Kendi Kendini Güçlendiren Bir Glikoz İzleme Cihazı Diyabetli İnsanlara Nasıl Yardımcı Olabilir?
Diyabetli insanlar gün boyunca glikoz seviyelerini izlemelidir, ancak bunu yapmak çok zordur.
sirtavelalot / Shutterstock.com

Diyabet, yaklaşık olarak ABD’deki yedinci önde gelen ölüm nedenidir. 30.3 milyon yetişkin hastalığı olan. 4 yetişkinlerinden biri Diyabet hastası olduğunu bile bilmiyor.

Ek olarak, 84.1 milyon yetişkin prediyabet var - kan şekeri seviyesinin yükseldiği bir durum - ve bunların yüzde 90'ı bildiklerini bilmiyor. Bu nedenle geçiş ücreti yalnızca daha da kötüleşecek.

Diyabetten kaynaklanan hayatı tehdit eden komplikasyonlardan kaçınmak için, diyabet hastası olanlar için son derece önemlidir. kan şekeri seviyelerini koru güvenli bir menzilde. Bununla birlikte, uzun zamandır zor bir mücadele olmuştur, çünkü glikoz seviyelerini güvenilir bir şekilde izlemek zor olmuştur.

Ben kendi kendine çalışan olası bir izleme sistemi üzerinde araştırma geliştirmiş ve yürüten kimyager, kimya ve bilgisayar mühendisiyim. Bu glikoz biyosensörleri Kan şekeri içinde depolanan biyokimyasal enerjiyi - başka bir deyişle, bir kişinin kendi bedeninden - cihazı çalıştırmak için elektrik enerjisine dönüştürün.

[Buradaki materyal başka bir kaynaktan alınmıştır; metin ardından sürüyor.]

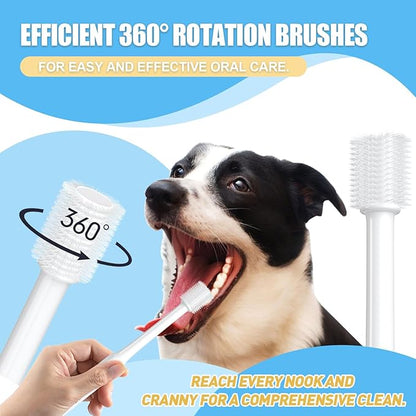 Cat Toothbrush Kit, Dog Toothbrush Kit, Suitable for All Cats and Dogs Dental Care. White, Soft Bristles, Meet All Cleaning Needs, Multi-Functional Dental Cleaning (S-rounded)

Şeker metabolizması hakkında her şey

Diyabet vücudun yediğimiz yemeği nasıl parçaladığını etkiler. Bu şeker veya glikoz kan dolaşımımıza salınır. Buna karşılık, pankreas, vücut hücrelerinin, kandan şeker olarak enerji almasını sağlayan insülin adı verilen bir hormon üretir.


kendi kendine abone olma grafiği


Diyabetiniz varsa, vücudunuz ya Tip 1 diyabetinde olduğu gibi yeterince insülin yapmaz veya sağlıklı kan şekeri metabolizmasını sürdürmek için yapması gereken insülini kullanamaz. Sonuncusu Tip 2 diyabet olarak adlandırılır. Yeterli miktarda insülin olmadığında veya hücreler insüline yanıt vermeyi bıraktığında, kan dolaşımınızda çok fazla şeker kalır. Bu ciddi komplikasyonlara neden olabilir.

koruma kanda şeker güvenli bir düzeyde diyabeti yönetmek ve hastalığın ilerlemesini önlemek için kilit bir stratejidir. Araştırmalar, kan şekeri seviyesini normale yakın koruyan yoğun kontrol programlarındaki kişilerin daha az komplikasyon rutin olarak daha yüksek kan şekeri seviyelerini koruyan insanlardan. hakkında 63.6 yetişkinlerin yüzde günlük kan şekeri izlemesini gerçekleştirir.

Ancak kan şekeri düzeylerini korumak, duyduğundan çok daha zor. İnsanların, tükettikleri karbonhidrat miktarına ve dikkat etmelerine çok dikkat etmelerini gerektirir. kan şekeri testini parmak ucuyla yapın Gün boyunca. Birçoğunun ayrıca insülin dozlarını hesaplaması ve kendilerine insülin enjekte etmesi gerekir.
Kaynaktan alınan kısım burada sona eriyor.